» **TASK REQUIREMENTS**:
Reproduce the entries below exactly, but leave the pictures out.

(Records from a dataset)
-*-*-

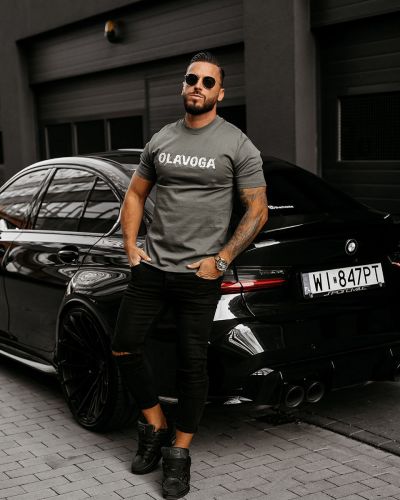 T-shirt męski OLAVOGA REAL 2025 grafit - FashionPlace - 1
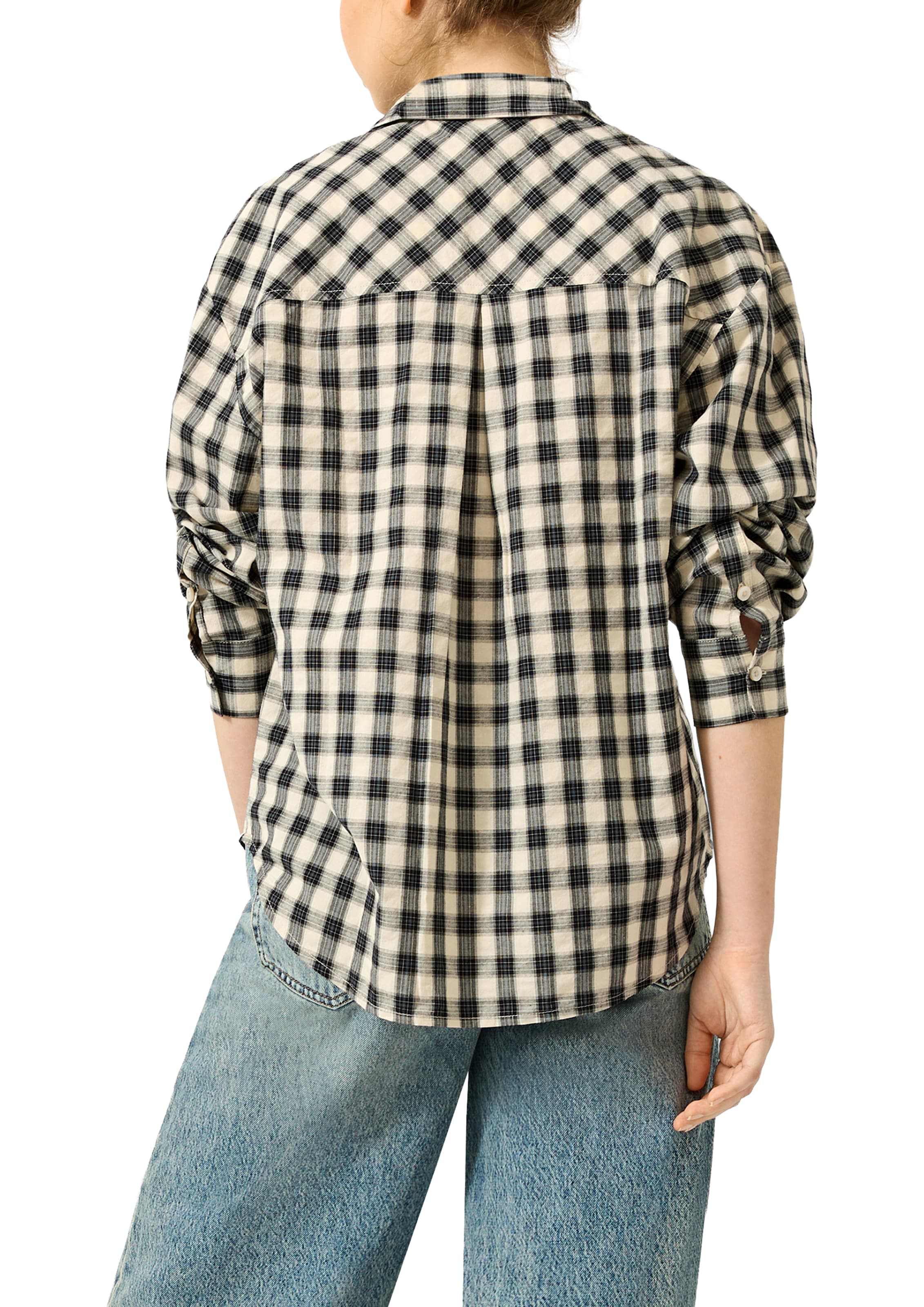 QS Blouse à carreaux Langarmbluse in Karo-Optik mit Knopfleiste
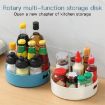 Picture of 360° Rotating Organizer Tray Multi- Function Rotating Tray Lazy Susan Rack Multi-Purpose Kitchen Storage Revolving Tray Cosmetic Organizer Tray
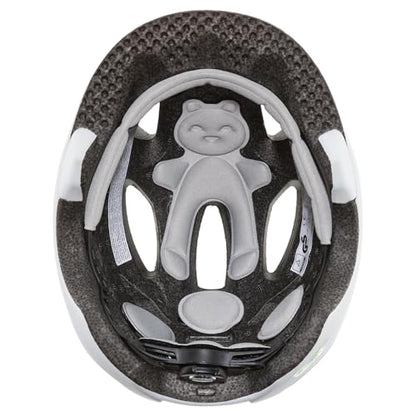 uvex oyo - lightweight bike helmet for kids - custom size adjustment - expandable with LED light - white - black matte - 50-54 cm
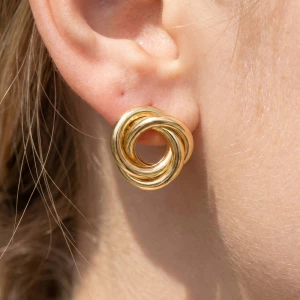 Gold Dipped Open Tube Love Knot Stud Earrings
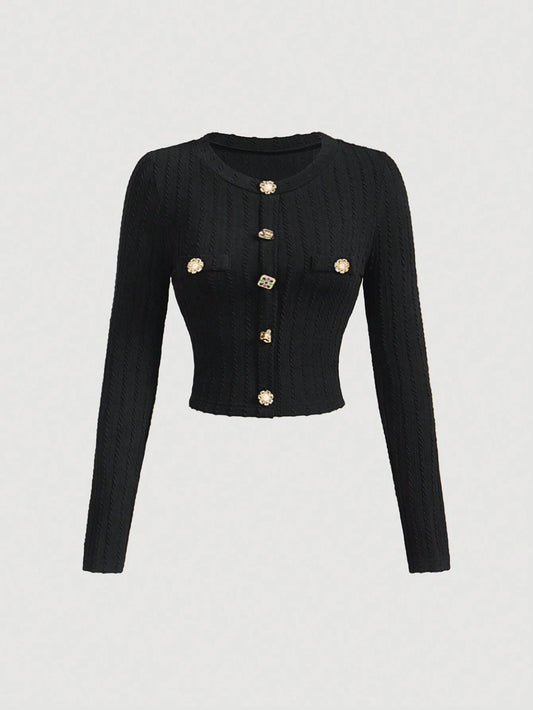 Round Neck Metal Button Bell Sleeve T-Shirt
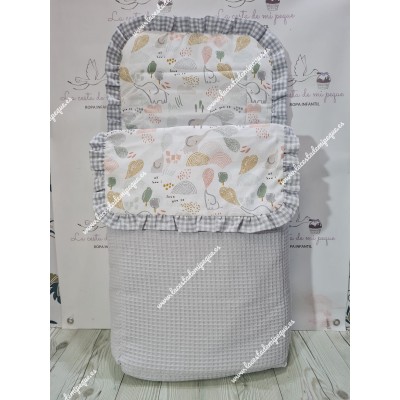 Saco Capazo Desmontable Waffle Gris, Vichy Gris-P y...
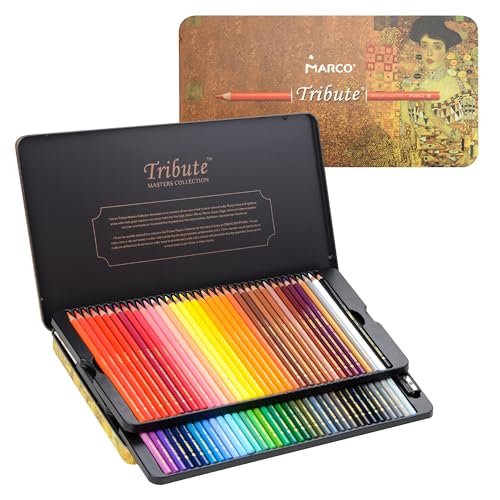 MARCO Juego de 72 lápices de colores para adultos – Juego de 72 lápices profesionales de pintura al óleo en caja de hierro, adecuado para estudiantes de arte y profesionales (72 piezas de aceite)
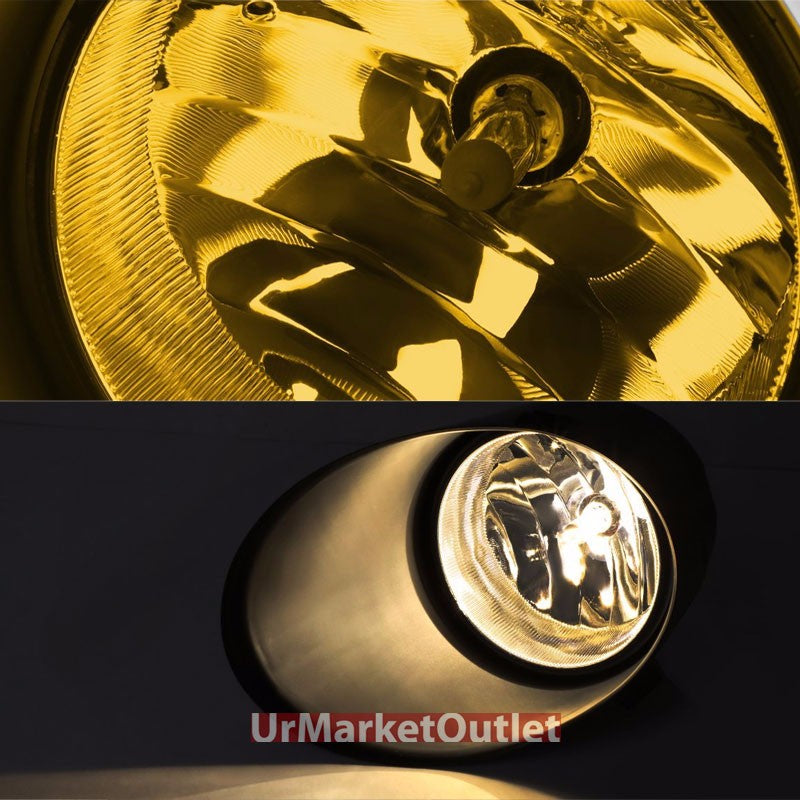 Yellow Amber Len Front Bumper Fog Light Lamp+Bezel+Bulb+Switch For 07-13 Tundra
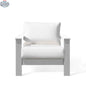 Krikacy Hickory outdoor club chair with white marine-grade polymer frame and Sunbrella® canvas white cushions, front view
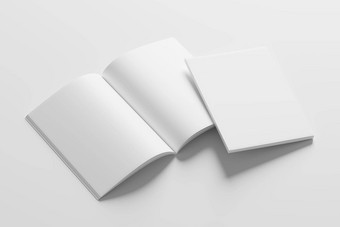 杂志宣传册呈现白色空白模型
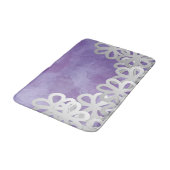 Tapis De Bain Aquarelle violette et fleurs blanches (Angle)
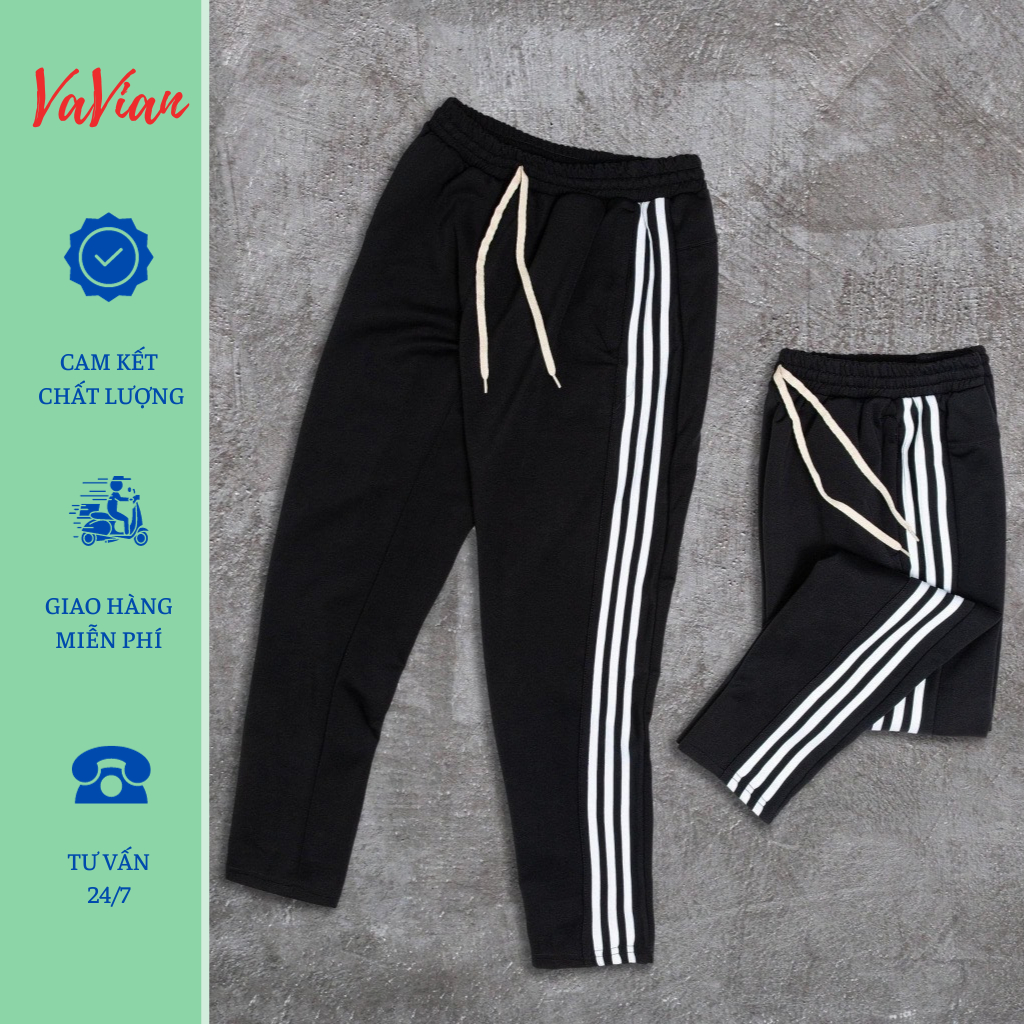 Quần thể thao nam nữ, quần jogger phong cách thể thao chất thun poly thoáng mát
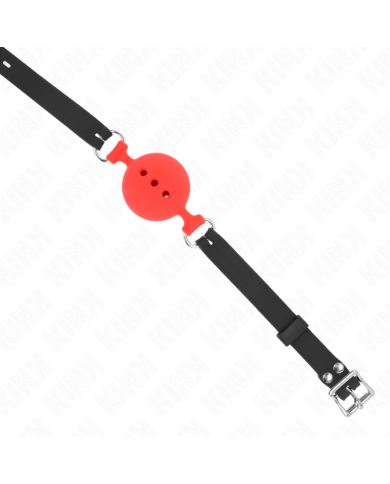 KINK - BÂILLON ENTIÈREMENT SILICONE 55 x 2 CM AVEC BOULE DE 5 CM TAILLE L ROUGE AJUSTABLE 35-51 CM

-*-*-

» **RESPONSE TO THE EXERCISE**:
 T-shirt męski OLAVOGA REAL 2025 grafit - FashionPlace - 1
 QS Blouse à carreaux Langarmbluse in Karo-Optik mit Knopfleiste
 Picture of 360° Rotating Organizer Tray Multi- Function Rotating Tray Lazy Susan Rack Multi-Purpose Kitchen Storage Revolving Tray Cosmetic Organizer Tray
 uvex oyo - lightweight bike helmet for kids - custom size adjustment - expandable with LED light - white - black matte - 50-54 cm
 Gold Dipped Open Tube Love Knot Stud Earrings
 Round Neck Metal Button Bell Sleeve T-Shirt
 Saco Capazo Desmontable Waffle Gris, Vichy Gris-P y...
 MARCO Juego de 72 lápices de colores para adultos – Juego de 72 lápices profesionales de pintura al óleo en caja de hierro, adecuado para estudiantes de arte y profesionales (72 piezas de aceite)
 Yellow Amber Len Front Bumper Fog Light Lamp+Bezel+Bulb+Switch For 07-13 Tundra
 Krikacy Hickory outdoor club chair with white marine-grade polymer frame and Sunbrella® canvas white cushions, front view
 杂志宣传册呈现白色空白模型
 Tapis De Bain Aquarelle violette et fleurs blanches (Angle)
 Quần thể thao nam nữ, quần jogger phong cách thể thao chất thun poly thoáng mát
 KINK - BÂILLON ENTIÈREMENT SILICONE 55 x 2 CM AVEC BOULE DE 5 CM TAILLE L ROUGE AJUSTABLE 35-51 CM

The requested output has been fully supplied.